In the mid-eighteen hundreds the first waves of Americans began heading west. They were in search of the American dream; their chance to live happily ever after. This first wave of settlers was for the most part, composed of miners looking to strike it rich. They exploited the mineral resources all over the west, wherever gold was found; the most famous places were in California, Colorado, and the Dakotas. The brave and adventurous men streamed over the continent in wagon trains or around it in ships in order to reach the west coast. Towns sprang up around the different places where gold had been found as well as around places for ships to dock.

The next wave of people to head west was the ranchers. They needed land and western land was far cheaper than land in the east. The ever growing cities in the east needed an ever increasing supply of food and the cattle found on the western plains proved a good and profitable solution.

Shortly after the ranchers the farmers came looking for land. The land in the east was worn out from over cultivation, in stark contrast the western land was rich and virtually untouched, not to mention cheaper. The west was a new and promising land with endless possibilities. (Summitt)

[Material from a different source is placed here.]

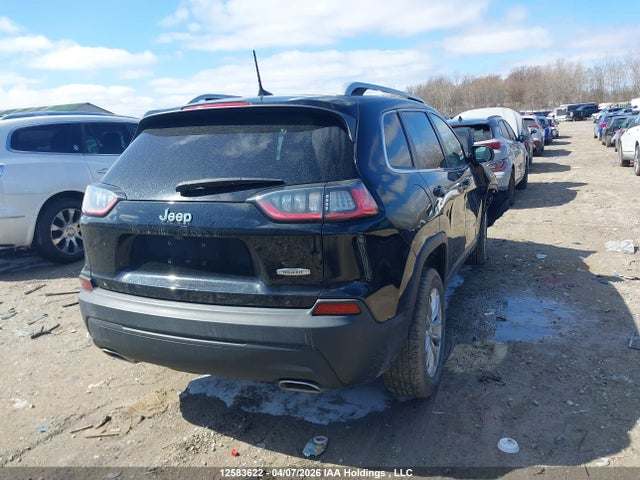 1C4PJLCX1KD143234 Jeep Cherokee Latitude
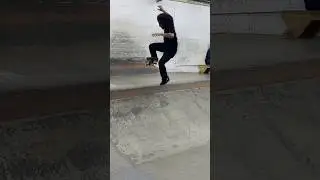 No-comply noseblunt fakie #skateboarding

Despite the promise and possibilities there were a few minor problems. One such problem was that the vast majority of the settlers were men. "Men from the eastern states, Canada, and Europe often preceded the women, and then found themselves longing for feminine companionship." (Yalom 226) Population imbalances, combined with geographical isolation and physical distance, often made men frantic to find wives from among the few single Anglo women living in their region of the west. Unfortunately, interracial marriages were not looked upon favorably by the population at large, so even men who had taken Indian brides were looking for women of European decent (15) In some places the problem was worse than in others. In the Washington Territory it has been estimated that the ratio of men to women, regardless of marital status, as high as 9:1 and that there were at least two thousand men in the Territory that wished to get married (Holbrook 47).

This problem was not a simple one to remedy. Men who had enough money traveled east and brought back a wife, but the vast majority of the populous did not have the capital needed to make such a journey possible.